WASHINGTON — The spread between the haves and have-nots in American society is greater now than at any time since the days of the Robber Barons early in the last century. The widening gap along with the shrinking middle class did not happen by chance, but is the inevitable result of government policies dating back to the Reagan administration in the 1980s.
President Reagan entered politics after a successful career in Hollywood and as a pitchman for General Electric, making quite a bit of money and chafing at how much he paid in taxes to the federal government. After he took office in 1981, he pushed through Congress a major tax cut that lowered the rates for everybody and took the top rate for wealthiest earners down to 28 percent. He managed this because he realized that most people do not care what other people pay; they care what they pay.
Reagan said he was borrowing a page from President Kennedy, who a generation before in 1963 had lowered the top rate and watched the economy take off, with more revenue coming into the Treasury, offsetting the reduction in rates. The difference, however, between what Kennedy and Reagan did is in the numbers. JFK brought the top rate down from 91 percent to 77 then 70 percent; Reagan dropped it to 28 percent, and the phenomenon known as “supply side economics” where lower taxes produce higher revenue never kicked in.
In Reagan’s second term, under the guise of tax reform, rates were modestly adjusted to make up for the revenue shortfall, but the battle has raged ever since over how to fund a government when people at the uppermost end of the income scale too often pay less than their fair share. The battle was joined politically in New York City last year when Democrat Bill deBlasio campaigned for mayor and won on a platform that called for universal preschool that would be paid for by placing a small surcharge on people with incomes over $500,000.
DeBlasio immediately ran into trouble with New York Gov. Andrew Cuomo, a fellow Democrat who’s running for reelection in November and like most politicians is allergic to the idea of raising taxes. DeBlasio can’t raise city taxes on his own; he needs the blessing of the New York legislature, which has a Republican Senate and a Democratic Assembly, and a tax increase is not going to happen.
After taking office with 70 percent approval ratings, deBlasio is now down in the 30s, a plunge that is breathtaking. It’s not only taxes, he’s made other mistakes, and if this were a prizefight, it would have been called.

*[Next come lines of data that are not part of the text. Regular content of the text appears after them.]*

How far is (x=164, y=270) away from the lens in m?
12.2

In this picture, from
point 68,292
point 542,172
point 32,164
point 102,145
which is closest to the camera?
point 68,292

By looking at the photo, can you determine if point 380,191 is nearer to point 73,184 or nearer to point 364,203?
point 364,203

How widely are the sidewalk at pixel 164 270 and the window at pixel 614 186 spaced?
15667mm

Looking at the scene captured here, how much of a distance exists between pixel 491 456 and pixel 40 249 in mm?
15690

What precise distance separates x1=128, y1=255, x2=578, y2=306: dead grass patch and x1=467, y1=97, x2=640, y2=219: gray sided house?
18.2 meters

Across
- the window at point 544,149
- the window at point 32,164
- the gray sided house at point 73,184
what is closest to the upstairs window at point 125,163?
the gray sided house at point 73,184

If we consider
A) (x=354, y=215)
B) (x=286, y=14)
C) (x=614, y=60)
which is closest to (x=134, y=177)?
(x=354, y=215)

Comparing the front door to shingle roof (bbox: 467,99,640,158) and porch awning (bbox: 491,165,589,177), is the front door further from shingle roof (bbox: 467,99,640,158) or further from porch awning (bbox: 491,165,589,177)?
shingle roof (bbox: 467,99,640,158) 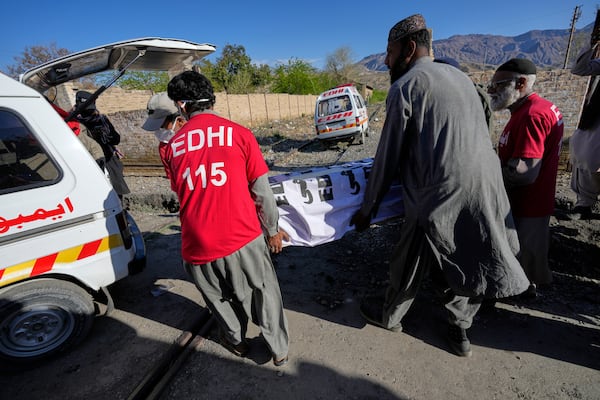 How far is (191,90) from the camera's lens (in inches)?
70.9

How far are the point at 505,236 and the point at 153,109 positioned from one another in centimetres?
332

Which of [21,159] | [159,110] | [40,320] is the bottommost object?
[40,320]

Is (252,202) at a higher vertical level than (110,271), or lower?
higher

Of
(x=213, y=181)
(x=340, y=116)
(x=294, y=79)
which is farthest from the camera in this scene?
(x=294, y=79)

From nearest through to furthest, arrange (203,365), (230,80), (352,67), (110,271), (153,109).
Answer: (203,365) < (110,271) < (153,109) < (230,80) < (352,67)

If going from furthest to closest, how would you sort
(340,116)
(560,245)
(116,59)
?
(340,116)
(560,245)
(116,59)

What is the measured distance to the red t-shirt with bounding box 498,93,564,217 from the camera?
1974 millimetres

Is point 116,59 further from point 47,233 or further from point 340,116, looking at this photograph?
point 340,116

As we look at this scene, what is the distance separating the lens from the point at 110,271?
8.16 ft

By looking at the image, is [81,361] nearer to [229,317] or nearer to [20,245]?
[20,245]

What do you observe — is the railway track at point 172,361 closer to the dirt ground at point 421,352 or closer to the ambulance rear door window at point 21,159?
the dirt ground at point 421,352

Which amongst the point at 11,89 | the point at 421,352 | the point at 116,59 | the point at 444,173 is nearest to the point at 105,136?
the point at 116,59

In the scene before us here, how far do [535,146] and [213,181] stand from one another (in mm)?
2161

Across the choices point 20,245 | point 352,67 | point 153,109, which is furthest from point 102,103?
point 352,67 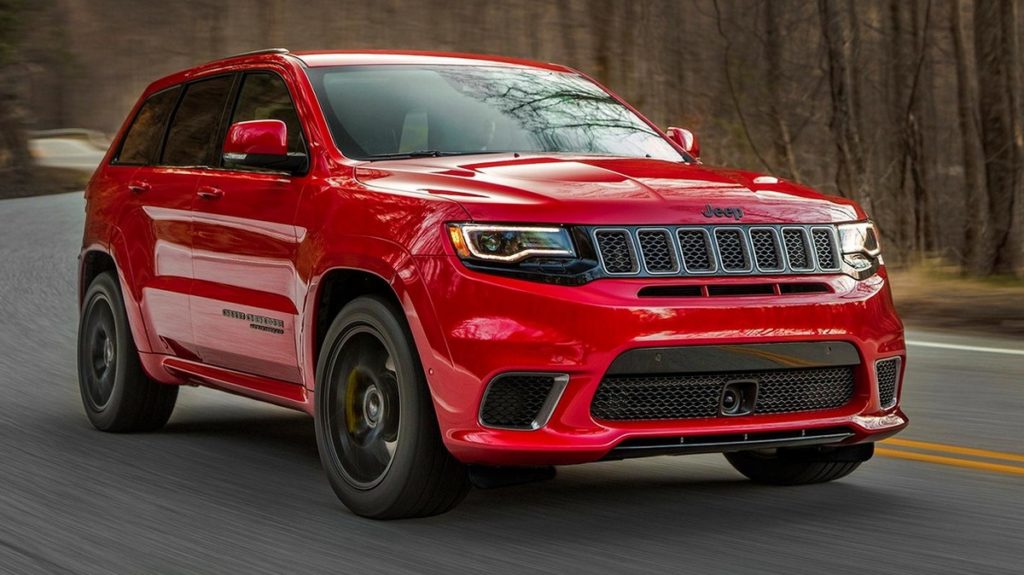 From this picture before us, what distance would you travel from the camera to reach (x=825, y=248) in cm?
592

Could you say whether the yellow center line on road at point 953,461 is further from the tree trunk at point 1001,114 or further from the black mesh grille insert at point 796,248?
the tree trunk at point 1001,114

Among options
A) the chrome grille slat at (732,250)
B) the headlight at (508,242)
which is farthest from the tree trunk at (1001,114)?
the headlight at (508,242)

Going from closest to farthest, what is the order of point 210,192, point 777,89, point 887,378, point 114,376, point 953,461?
point 887,378 → point 953,461 → point 210,192 → point 114,376 → point 777,89

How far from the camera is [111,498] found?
6.50 meters

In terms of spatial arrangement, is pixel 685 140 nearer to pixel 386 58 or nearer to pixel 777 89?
pixel 386 58

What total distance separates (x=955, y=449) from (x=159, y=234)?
3772 mm

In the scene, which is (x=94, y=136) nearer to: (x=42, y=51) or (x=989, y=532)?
(x=42, y=51)

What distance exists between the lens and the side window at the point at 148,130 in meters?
8.34

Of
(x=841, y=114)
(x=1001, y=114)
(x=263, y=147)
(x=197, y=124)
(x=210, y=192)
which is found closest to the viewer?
(x=263, y=147)

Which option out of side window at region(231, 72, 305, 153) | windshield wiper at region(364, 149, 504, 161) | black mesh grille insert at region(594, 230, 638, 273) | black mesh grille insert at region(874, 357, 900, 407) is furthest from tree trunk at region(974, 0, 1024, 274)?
black mesh grille insert at region(594, 230, 638, 273)

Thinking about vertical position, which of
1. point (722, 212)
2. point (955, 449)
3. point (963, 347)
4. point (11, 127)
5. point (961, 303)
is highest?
point (722, 212)

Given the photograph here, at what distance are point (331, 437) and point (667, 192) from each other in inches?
61.1

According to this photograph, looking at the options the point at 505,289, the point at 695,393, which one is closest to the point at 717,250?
the point at 695,393

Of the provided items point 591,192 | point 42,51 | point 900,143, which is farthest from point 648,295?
point 42,51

Fortunately it’s politics and deBlasio can recover if he redesigns his tax package in a way that takes into account human nature in addition to political reality.
People in New York City are already over-taxed with high city income and sales taxes in addition to state and federal income taxes, and if deBlasio coupled his surcharge on the rich with a lowering of the rates for everybody else, that would be a political winner. Maybe wealthy people would feel aggrieved at having to pony up more in taxes while everybody else gets a better deal. But the surcharge in deBlasio’s plan is only on the taxable income over half a million.
The man on the street doesn’t care what the wealthy pay; he or she hopes someday to be in that category. What they do care about is the money they pay, and that’s what Reagan understood, and deBlasio does not.